Task objective:
When you repeat the entries below, keep each word exactly as it is and drop the pictures.
+++
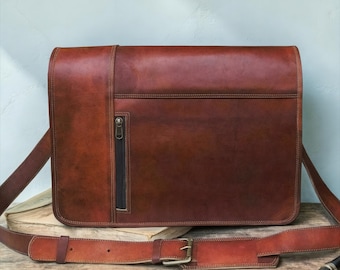 Bolso bandolera de piel de grano completo hecho a mano de 13” – 18” / Maletín bandolera vintage personalizado para portátil para él y para ella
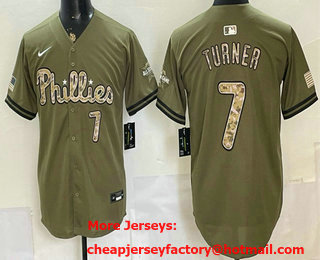 Men's Philadelphia Phillies #7 Trea Turner Olive 2026 Armed Forces Day Stitched Baseball Jersey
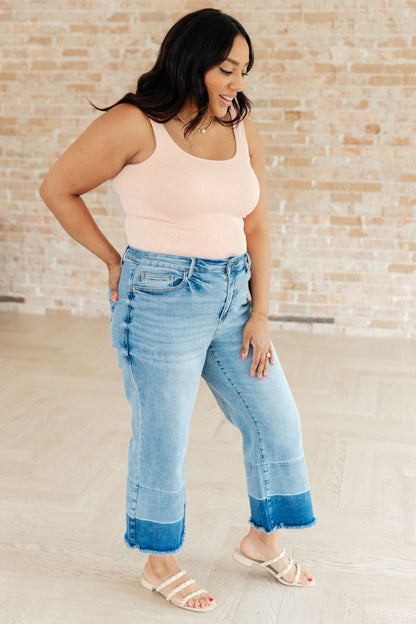 Judy Blue • Olivia • High Rise Wide Leg Crop Jeans in Medium Wash
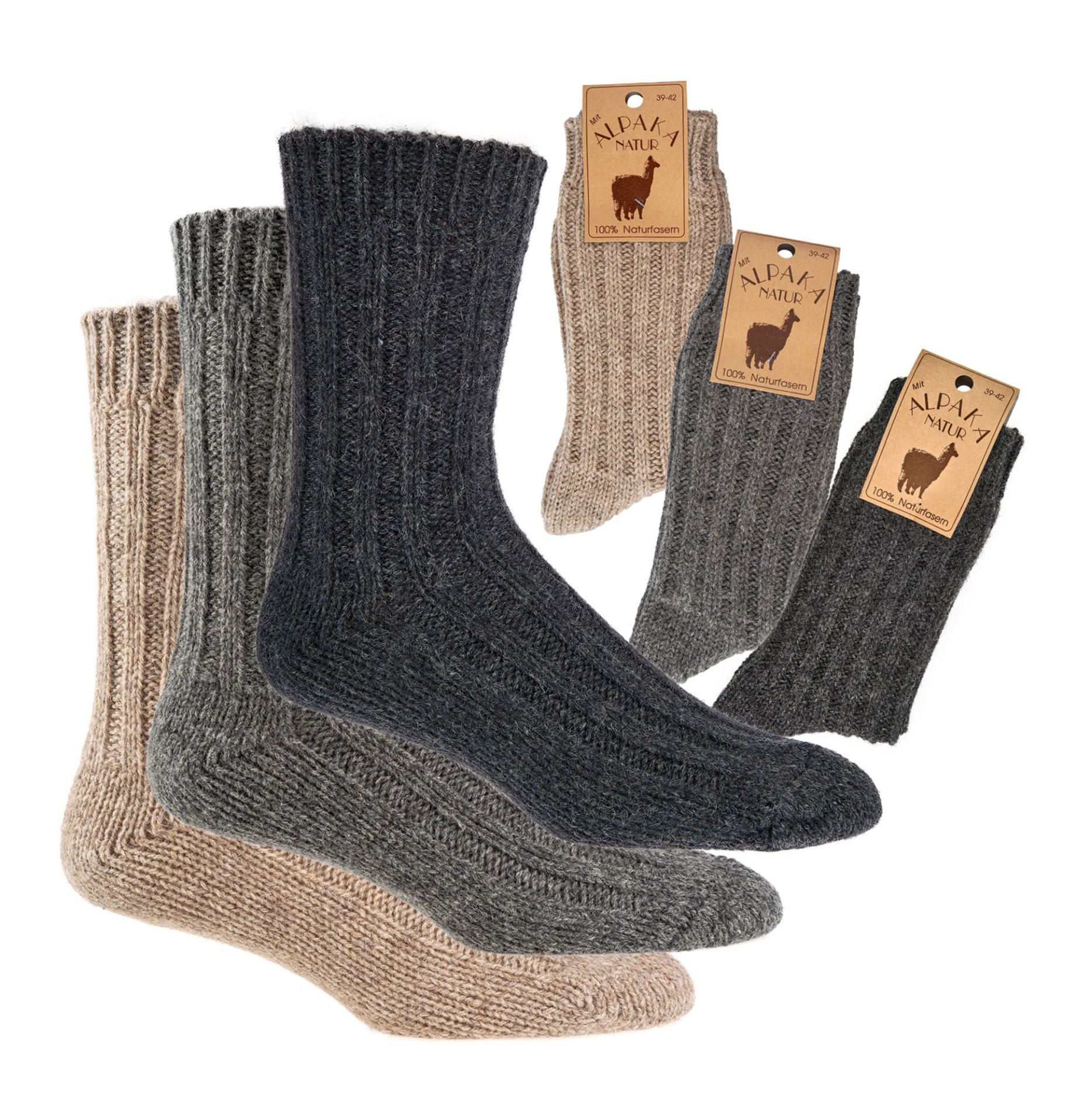 Wollsocken mit Alpaka aus mindestens 95% Wolle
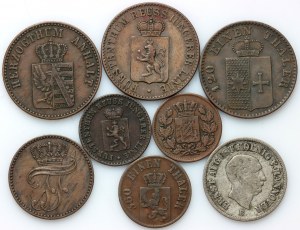 Niemcy, zestaw monet z lat 1845-1871 (8 sztuk)
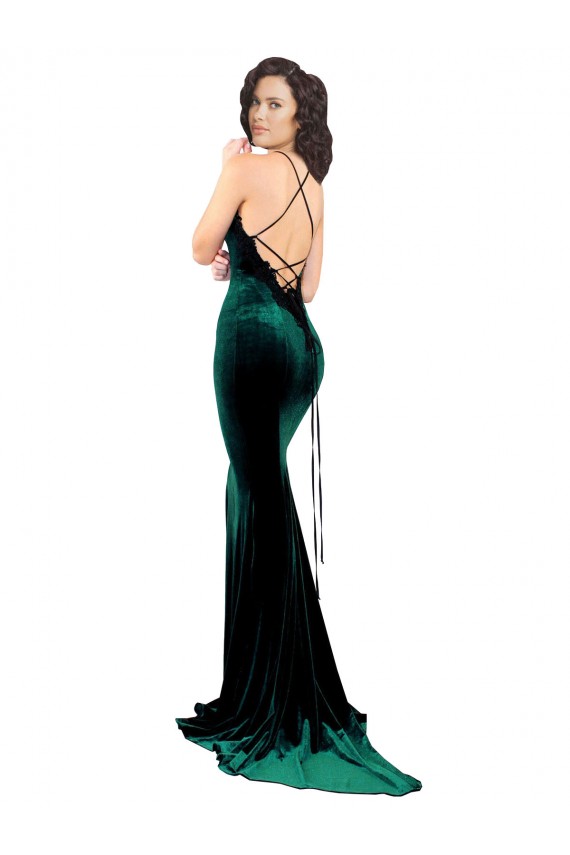 High Neck Formal Stretch Velvet Bridesmaid Dress / Prom Dress with Black Lace Embroidery Brisbane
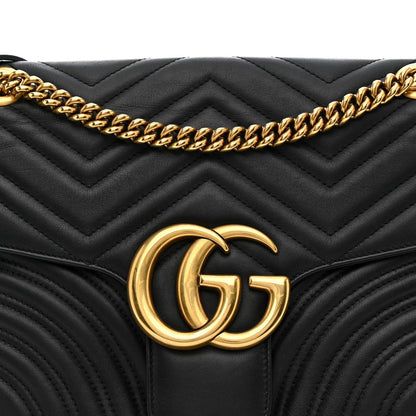 Calfskin Matelasse Medium GG Marmont Shoulder Bag Black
+++
Expected answer:
 Bolso bandolera de piel de grano completo hecho a mano de 13” – 18” / Maletín bandolera vintage personalizado para portátil para él y para ella
 Men's Philadelphia Phillies #7 Trea Turner Olive 2026 Armed Forces Day Stitched Baseball Jersey
 Judy Blue • Olivia • High Rise Wide Leg Crop Jeans in Medium Wash
 Wollsocken mit Alpaka aus mindestens 95% Wolle
 Niemcy, zestaw monet z lat 1845-1871 (8 sztuk)
 High Neck Formal Stretch Velvet Bridesmaid Dress / Prom Dress with Black Lace Embroidery Brisbane
 Calfskin Matelasse Medium GG Marmont Shoulder Bag Black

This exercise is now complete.